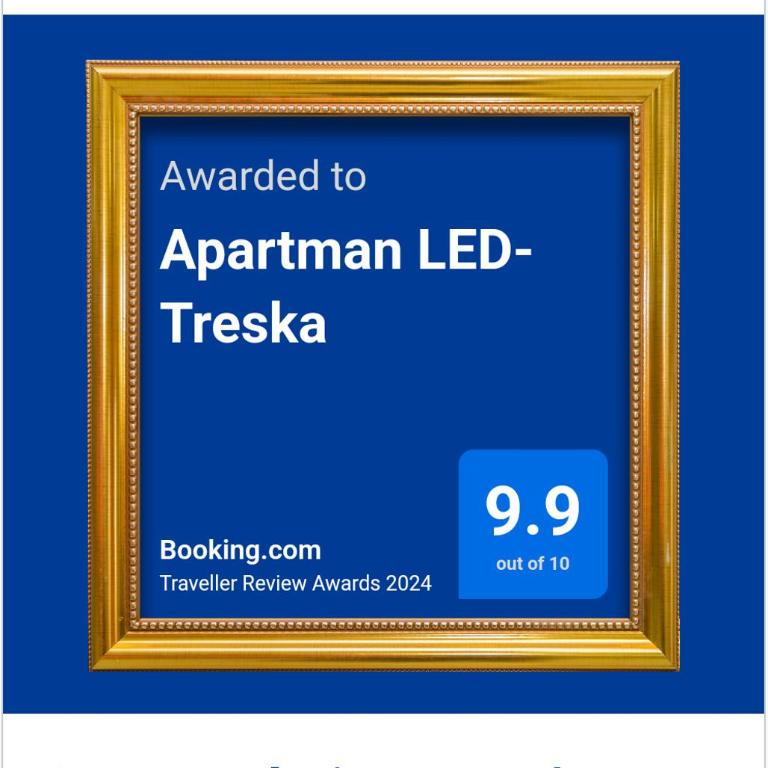 Apartman LED-Treska - Deluks Studio - 24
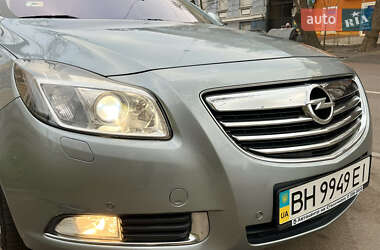 Седан Opel Insignia 2010 в Одесі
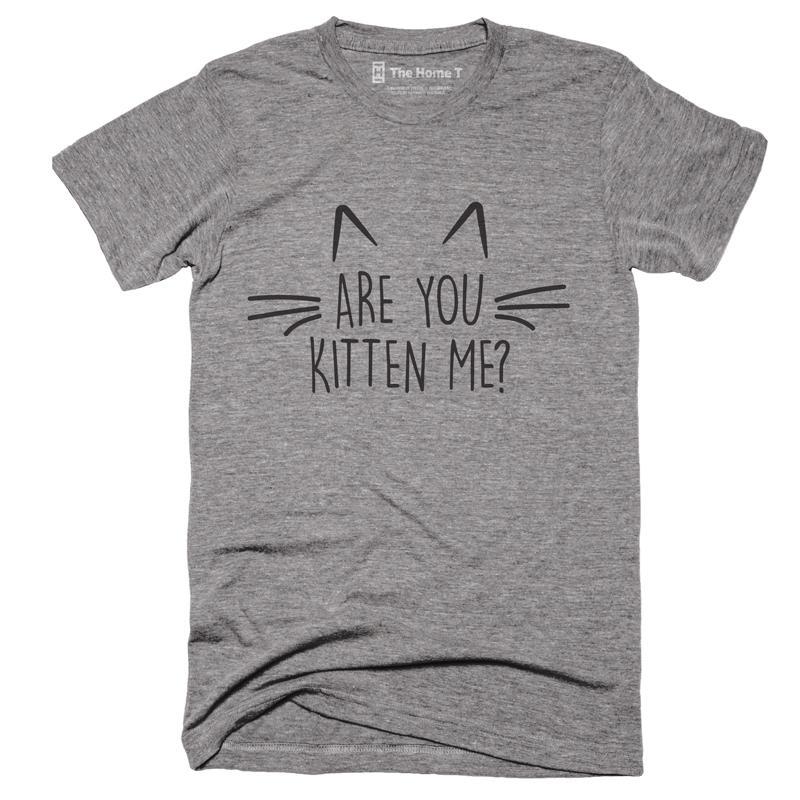 Are You Kitten Me?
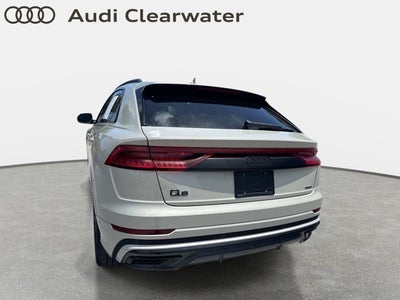 2023 Audi Q8 Premium Plus
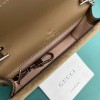 Gucci dionysus super mini double flap bag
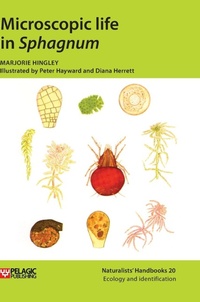 Abbildung von: Microscopic life in Sphagnum - Pelagic Publishing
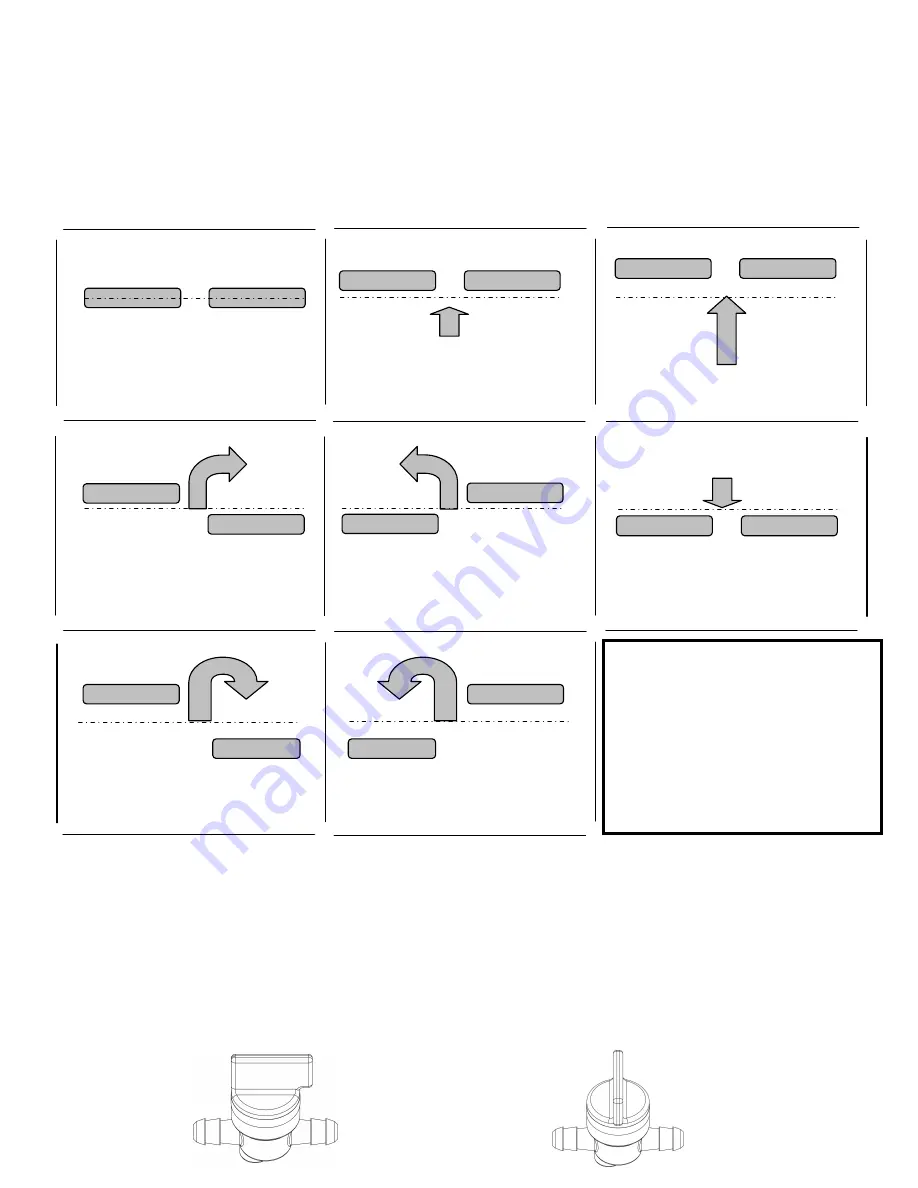 Swisher ZTR2460BS Owner'S Manual Download Page 17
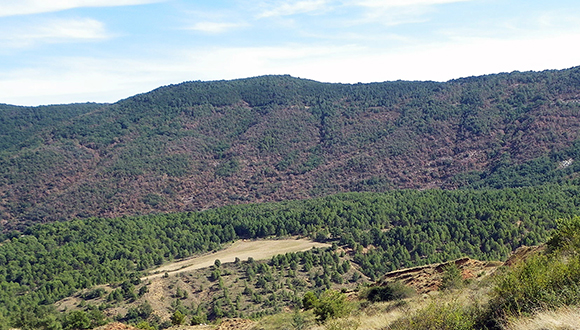 El Pallars Jussà al 2012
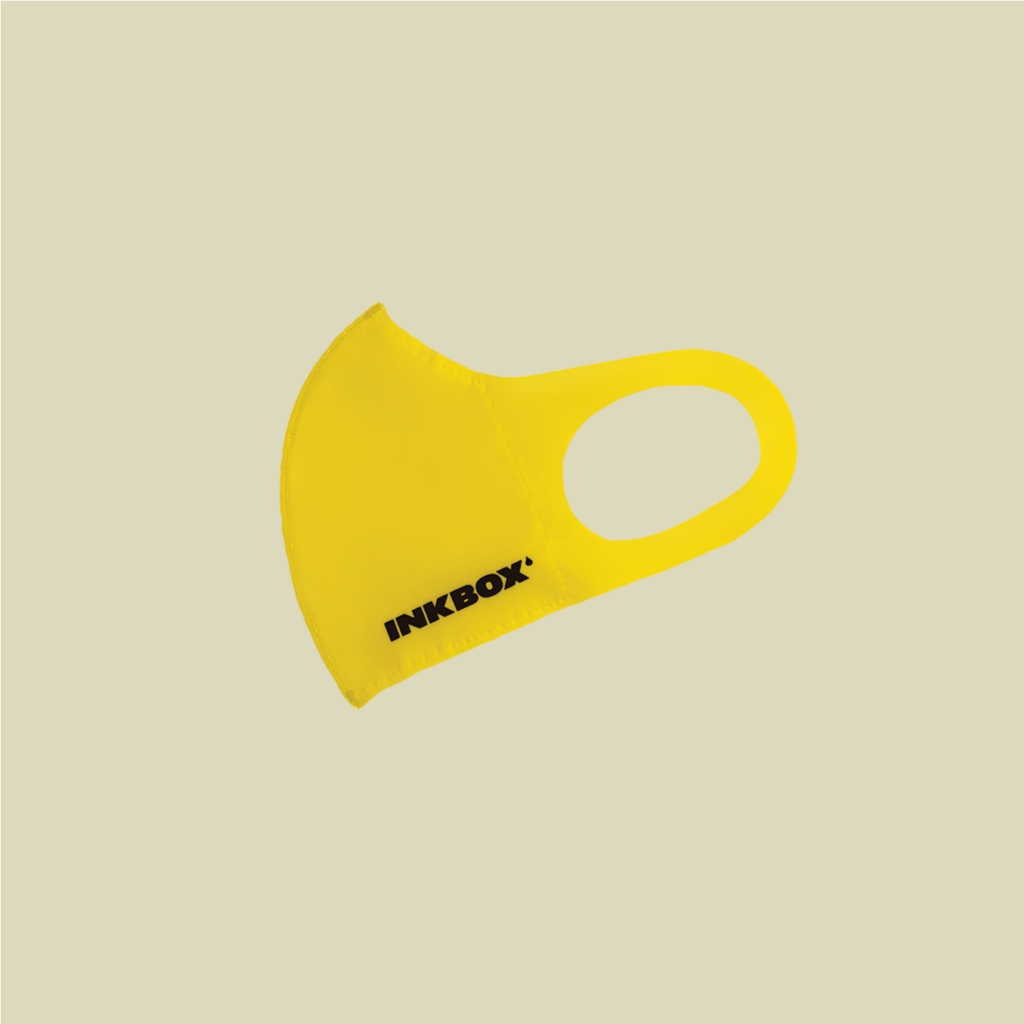 Inkbox MASK Yellow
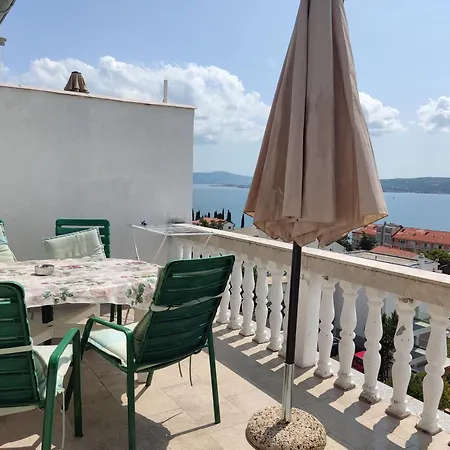 Apartment Panorama View Close Sandy Beach 100M To Talasoterapija, *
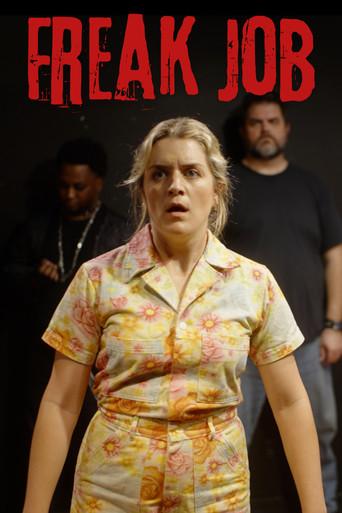 Freak Job film afişi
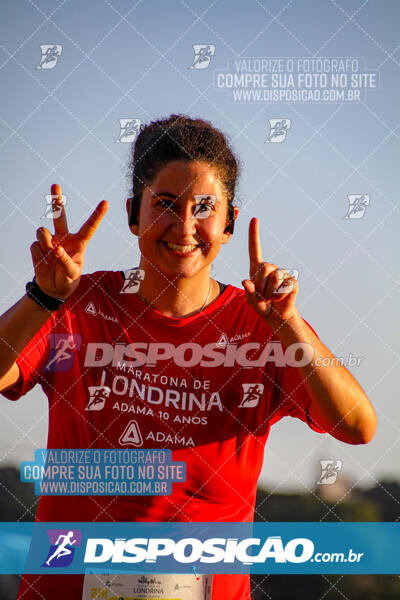 Maratona de Londrina 2024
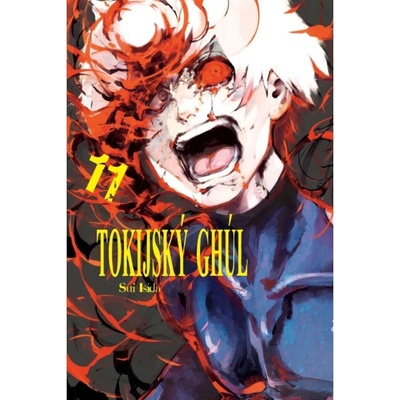 Tokijský ghúl 11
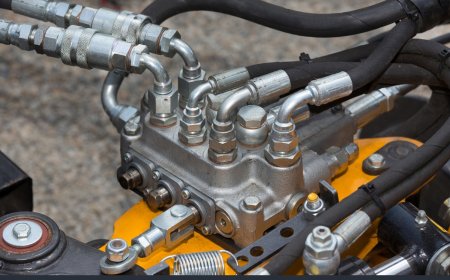 5 Tips - Checklist When Buying The Right Hydraulic Valve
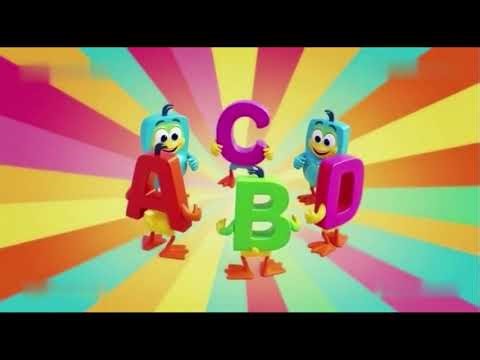 The Adventure Alphabet Song | Learn Your ABCs | Joyride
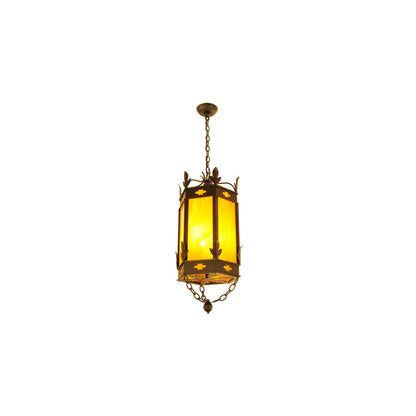 Valhalla 3 Light 14" Wide Pendant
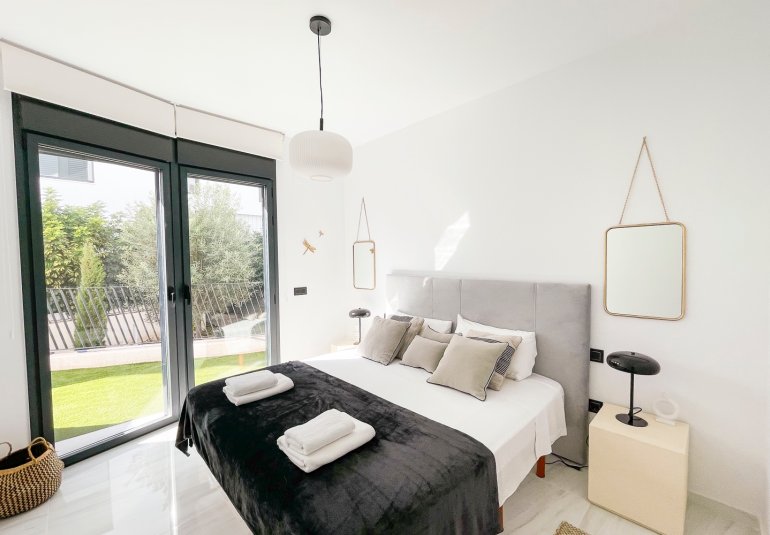 Rynek Wtórny - Apartament -
Villajoyosa - Playas Del Torres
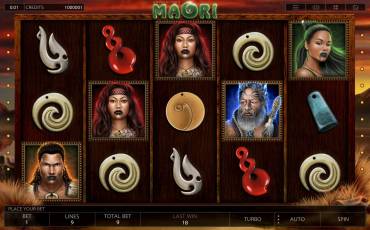 Maori pokie NZ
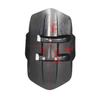Electric Bicycle Rear Fender Lightweight Spare Parts Motorcycle Splash Guard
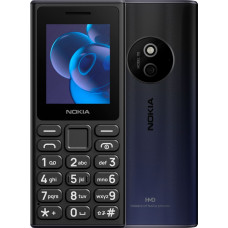 Мобільний телефон NOKIA 110 TA-1694 DS 2024 (black)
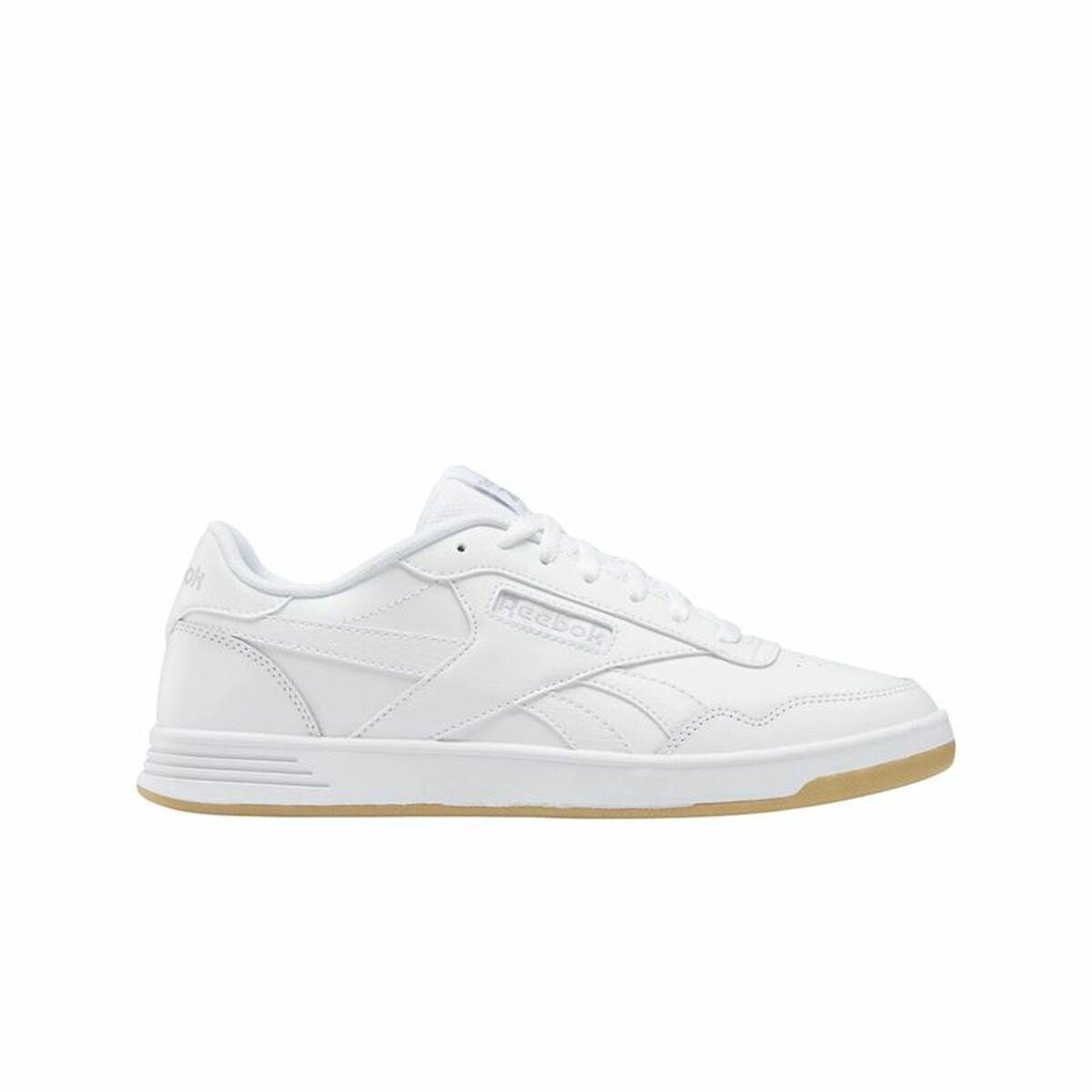 Kondisko til Mænd Reebok Court Advance Hvid 40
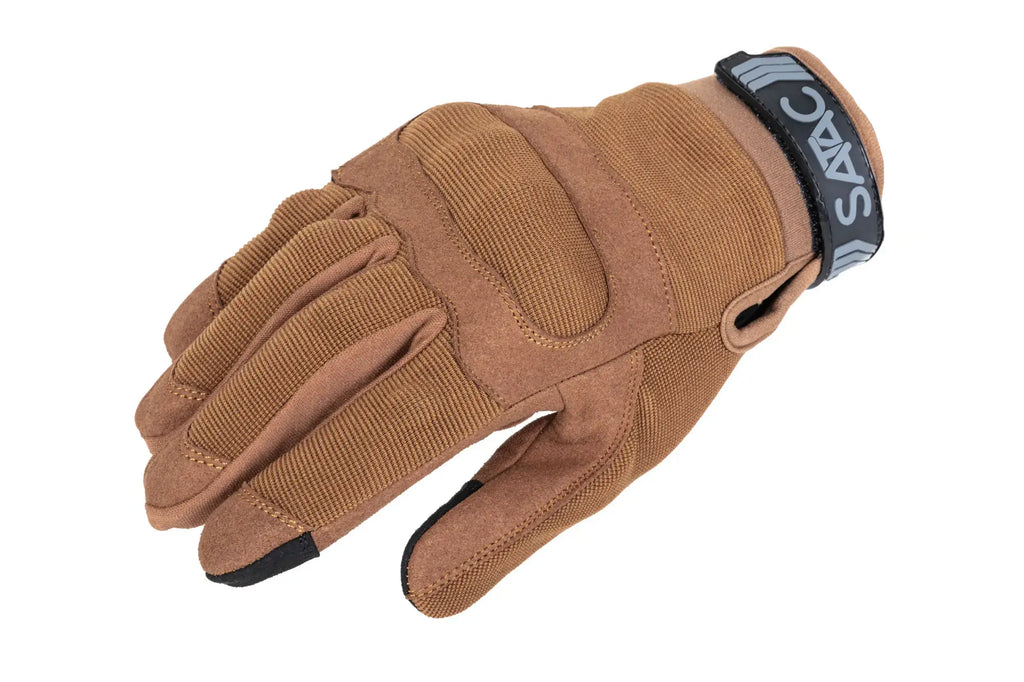Specna Arms Tactical VANGUARD™ Tan Gloves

# # # # #

▶ **EXERCISE REQUIREMENTS**
Copy every entry word for word, but omit the pictures.

▶ **TASK ANSWER**
 Apartman LED-Treska - Deluks Studio - 24
 Седан Opel Insignia 2010 в Одесі
 Are You Kitten Me?
 2023 Audi Q8 Premium Plus
 Gucci dionysus super mini double flap bag
 Abbildung von: Microscopic life in Sphagnum - Pelagic Publishing
 Swisher ZTR2460BS Owner'S Manual Download Page 17
 El Pallars Jussà al 2012
 Inkbox MASK Yellow
 Apartment Panorama View Close Sandy Beach 100M To Talasoterapija, *
 Freak Job film afişi
 Maratona de Londrina 2024
 Tokijský ghúl 11
 5 Tips - Checklist When Buying The Right Hydraulic Valve
 The Adventure Alphabet Song | Learn Your ABCs | Joyride
 Valhalla 3 Light 14" Wide Pendant
 Rynek Wtórny - Apartament -
Villajoyosa - Playas Del Torres
 Maori pokie NZ
Electric Bicycle Rear Fender Lightweight Spare Parts Motorcycle Splash Guard
 Мобільний телефон NOKIA 110 TA-1694 DS 2024 (black)
 Kondisko til Mænd Reebok Court Advance Hvid 40
Specna Arms Tactical VANGUARD™ Tan Gloves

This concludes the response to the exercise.